外傷は多いが主因はそこになく、MRIなどでも頭蓋内の損傷はなかったため、低体温からの全身障害、つまり凍死に近い状態にあったとみて鑑別した。採取した血液は溶血しておらず凝固能力も維持されており、死後硬直はまだ時間が経っていないため頸部まで。外観には保温処置しても体温が上がらなかったのか明らかな立毛筋の収縮と、全身の不自然な筋硬直があった。

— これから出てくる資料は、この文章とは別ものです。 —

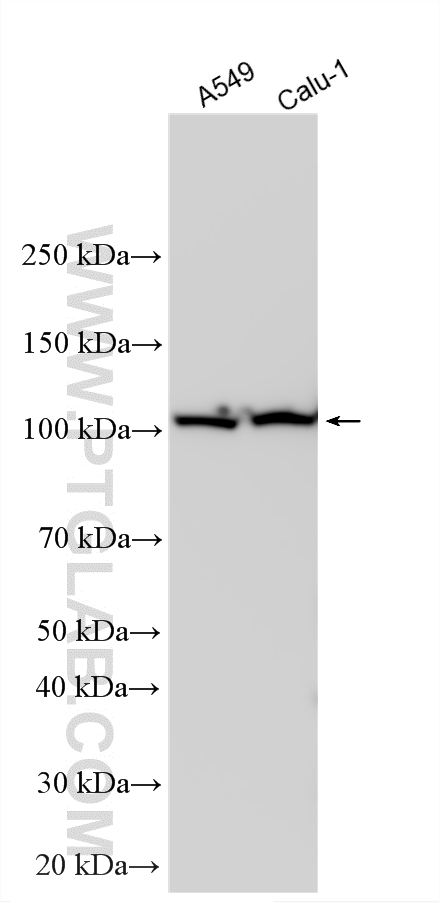 Various lysates were subjected to SDS PAGE followed by western blot with 15212-1-AP (OGDH antibody) at dilution of 1:30000 incubated at room temperature for 1.5 hours. WB analysis using 15212-1-AP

単身赴任で地方に離れていた父親は妻の逮捕と子の死亡の報せを受けるまで虐待を一切知らなかったとのことで、司法解剖に入るためERの待合に承諾を貰いに行くとひどく憔悴していた。これはおれが勝手に自分の裁量で行なったことだが、彼のケアに時間を割いた。
あとは解剖自体は死因的に侵襲性をそこまで要しないと鑑み極力切開を避けたが、全身の痣が痛々しく、苦しそうな表情のまま亡くなっていたので終了後のエンバーミングで時間を食った。通常は看護師や助手に任せるなり、遺族の希望があれば葬儀社や本職の人に依頼したりするが、これもおれが自分の判断で行なったことだ。
搬送されてきたのがハルくんが準夜だった日曜の夜で、繁忙だったこともあり泊まり込んで対応して今朝この子を看取り、おれにご遺体を引き継いで帰っていった。
ハルくんは自分がひどく扱われて育ったので子供の虐待や不審死に遭遇するのは心が荒むと話していた。でも、なにげに付き合いは長いはずなのにハルくんがどういう育ちかおれはあまり知らない。但、嘗てハルくんが家庭で何か問題があってひどく傷ついて心を閉ざしていたことは覚えている。初めて出会ったときハルくんは泣いていた。でも、何故泣いていたのかも、おれはまだよく知らない。